Banyak tokoh potensial untuk menjadi presiden RI. Tapi apa daya, mereka terbentur aturan main. Tidak mudah memenuhi syarat administratif untuk nyapres.
Sesuai aturan pasal 222 UU Pemilu No 7 Tahun 2017, untuk bisa nyapres mesti didukung oleh 20 persen kursi di DPR. Artinya, yang berhak mengusung capres itu adalah parpol, atau gabungan parpol. Dengan syarat Presidential Treshold 20 persen, hanya PDIP satu-satunya parpol yang bisa mengusung secara mandiri (128 kursi). Partai lain? Mesti koalisi.
Dengan syarat 20 persen, maka hanya akan ada maksimal tiga paslon. Otak atik tiga paslon ini belum bisa dipastikan terkait parpol apa saja yang berkoalisi, dan siapa paslonnya. Tapi, tetap ada kemungkinan PDIP-Gerindra satu paslon. Nasdem-PKS, PAN dan PPP bisa satu paslon lagi. Kemudian Golkar, PKB dan Demokrat, bisa jadi paslon berikutnya.
Boleh jadi malah hanya akan ada dua paslon. Golkar dan PKB jika tidak menemukan paslon yang sreg, bisa bergabung ke salah satu kubu dari PDIP atau Nasdem. Sementara Demokrat, dipredisksi akan berseberangan dengan PDIP.
Nasdem dan Demokrat besar kemungkinan akan melawan PDIP. PKS, PAN dan PPP punya risiko elektabilitas jika satu gerbong dengan PDIP. Begitulah situasi politik saat ini. Golkar dan PKB, bikin koalisi sendiri, atau bisa juga bergabung ke salah satu kubu jika tidak punya calon aduhai.
Dianggap tidak fair, sejumlah pihak menggugat aturan Presidential Treshold 20 persen ini. Presidential Treshold ini dianggap tidak memberi ruang dan kesempatan bagi sejumlah putra terbaik bangsa yang mumpuni untuk memimpin negeri ini kedepan.
Mereka menggugat ke Mahkamah Konstitusi (MK). Upaya pertama yang dilakukan Rizal Ramli, gagal. Gugatan berikutnya dilakukan oleh Gatot Nurmantyo, Refly Harun, Tamsil Linrung cs. Proses gugatan saat ini masih berjalan di MK.
Satu sisi, adalah fakta bahwa Pilpres beda dengan pileg. Artinya, pemilih partai tertentu tidak otomatis memilih capres dari partai tersebut. Tidak linier. Dengan begitu, partai mesti membuka ruang untuk calon independen yang diminati rakyat.

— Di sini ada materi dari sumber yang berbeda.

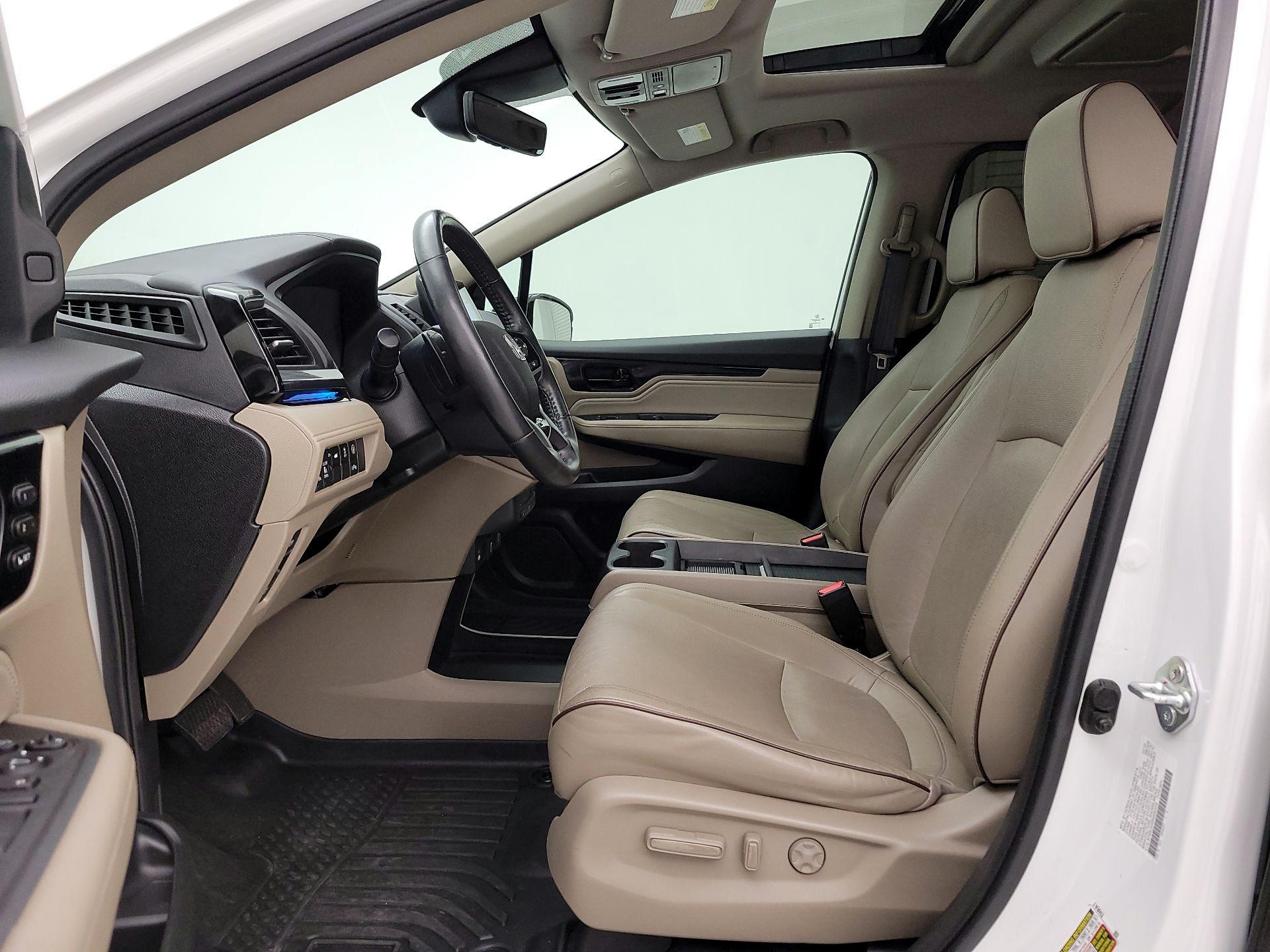 Thumbnail: 2022 Honda Odyssey - 11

Kira-kira begitu logikanya
Alasan lain, selama tiket nyapres ada di tangan partai, maka kebutuhan akan biaya tiket sangat mahal. Entah itu namanya "mahar politik" atau "kebutuhan logistik". Bisa satu triliun untuk setiap partai pengusung. "Ngeri-ngeri sedap". Inilah diantara yang digugat ke MK.